I was fast enough, he thought. I got here in under four minutes, from a point in the hospital almost as far away as there is. I made it in time. And had no way to save her when I got here. “No,” he said. “You page me if you code, and only if you code.”
“What if I think I’m going to code and then it turns out I don’t?”
“Then it had better not also turn out that you just wanted to see me to tell me about the Hartford circus fire. I mean it.”
“Okay,” she said reluctantly.
“Okay.” He looked at his watch. One-ten. “I’m late for my appointment with Mandrake. And don’t say, ‘You can’t go yet.’ ”
“I wasn’t going to,” she said indignantly. “I was going to wish you good luck.”
It was going to take a lot more than luck, Richard thought, looking at Mandrake seated behind a polished expanse of desk. “I expected you at one,” Mandrake said, looking pointedly at his watch. “Now, I’m afraid I have another—”
The phone rang. “Excuse me,” Mandrake said and picked it up. “Maurice Mandrake here. A book signing? When?”
Richard looked around the office. It was even more sumptuous than he would have guessed. Huge maroon leather chair, huge mahogany desk, nearly life-sized portrait of himself hanging behind it, bookcase full of copies of The Light at the End of the Tunnel, Persian carpet. It would fit right in on the Titanic, Richard thought.
Mandrake hung up the phone. “I’m afraid we’d better make it another day. At two, I have—”
“This won’t take long,” Richard said and sat down. “You said in your eulogy you spoke to Jo—Dr. Lander the day she was killed.”
Mandrake folded his hands on the desk. “That day, and many times since,” he said.
I can’t do this, Richard thought.
“I see by your expression that you do not believe the dead communicate with the living,” Mandrake said.

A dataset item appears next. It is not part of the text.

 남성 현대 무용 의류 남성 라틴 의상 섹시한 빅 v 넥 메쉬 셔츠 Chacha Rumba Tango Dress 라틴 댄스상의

If they did, Joanna would have told me what she discovered in Carl Aspinall’s room. “No,” he said.
“That is because you persist in believing only in what you can see on your RIPT scans,” Mr. Mandrake said, and his expression was a smirk. “Dr. Lander, fortunately, came to understand that the near-death experience possessed dimensions that science could never explain. Now, if you’ll excuse me, I have another appointment—” He started to stand up.

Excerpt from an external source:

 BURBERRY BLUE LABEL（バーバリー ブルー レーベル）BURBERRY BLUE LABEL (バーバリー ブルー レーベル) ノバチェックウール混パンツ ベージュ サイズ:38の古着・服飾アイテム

Richard stayed seated. “I need to know what she said that day.”
“Exactly what I said in my eulogy, that she had realized the NDE—or rather the NAE, for that is what she had come to realize it was—was not merely a physical hallucination, but instead a spiritual revelation of the Other Side.”

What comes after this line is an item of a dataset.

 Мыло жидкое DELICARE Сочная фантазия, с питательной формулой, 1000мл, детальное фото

You’re lying, Richard thought. “What did she say? Her exact words.”
Mandrake leaned back in his chair, his hands on the padded arms. “Why? So you can dismiss her as a crank? I realize it must be difficult, having to face the fact that your partner had reached a different conclusion about the NAE from the one you tried so hard to convince her of.” Mandrake leaned forward. “Luckily, she was not fooled by your scientific,” he put an ugly emphasis on the word, “arguments and found the truth for herself.” He glanced at the door and then looked pointedly at his watch. “I’m afraid that’s all the time I have.” This time he did stand up.
Richard didn’t. “I need to know what she said.”
Mandrake glanced uneasily at the door again. I wonder who this appointment’s with, Richard thought. Obviously someone he doesn’t want me to see. Someone he’s trying to pump about the project? Mrs. Troudtheim? Tish?
“Joanna was on her way to the ER to tell me something,” Richard said. “I’m trying to find out what it was.”